The final section has them traipsing around Istanbul which Virginia visited a century ago. They get caught up in a riot, visit a tower and a temple, both of which have personal associations for Virginia; and then she has an adventure all of her own, a surprisingly amorous one which, though it ends in near farce, gives her something which had eluded her all her life. The section ends with the conference in which Angela throws away her academic script and speaks from the heart about Woolf's books and her contribution to culture. She's joined by her fourteen year old daughter, Gerda - whose globe-trotting adventures we've also been following. Gerda reads from a book she's just discovered, 'A Room of One's Own', to the delight of the delegates. Virginia sits - basks - through it all. It is one of the high points of the book, funny and uplifting.
The novel is wonderfully easy to read. It is written in an unusual style, with the voices of the three main protagonists - Virginia, Angela and Gerda - telling their individual stories in brief monologues, interleaved with narrative passages, quotes, conversations, a story by Gerda, etc. Perhaps the interior voices are not quite differentiated enough, although Virginia's on the whole is more poetic than Angela's. Wisely, Gee doesn't try to emulate Woolf's literary voice - even though there are some fine passages which approach it, such as on page 205, describing Woolf's self-sacrificing mother.
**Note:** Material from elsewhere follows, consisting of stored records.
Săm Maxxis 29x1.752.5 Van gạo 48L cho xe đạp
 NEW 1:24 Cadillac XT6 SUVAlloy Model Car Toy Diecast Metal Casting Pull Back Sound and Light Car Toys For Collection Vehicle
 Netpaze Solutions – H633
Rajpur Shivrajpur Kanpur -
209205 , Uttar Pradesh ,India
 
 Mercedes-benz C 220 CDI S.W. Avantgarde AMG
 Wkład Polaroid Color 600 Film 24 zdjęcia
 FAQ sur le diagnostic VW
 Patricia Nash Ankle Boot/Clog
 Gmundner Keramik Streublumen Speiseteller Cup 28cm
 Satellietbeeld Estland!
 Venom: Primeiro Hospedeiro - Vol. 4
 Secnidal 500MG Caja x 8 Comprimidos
I was amused, delighted, carried along by it all, but I have to say I wasn't much moved by it, as one can be by Woolf's life. To me the novel is more a like a highly polished form of entertainment rather than an original meditation; it's points are sharp and witty but the whole lacks depth. Did she capture the personality of Woolf? Or did she make her too much like a dotty aunt abroad? Could she have gone deeper into the existential nature of Woolf's resurrection? Or was she wise to leave all that aside to concentrate on the comedy of the situation? It's for each reader to decide, of course. In the end, I loved the sheer panache of it. Gee's respect and love for Woolf shines through the book, adding to the sum of what we know and feel about her. It's wonderfully original.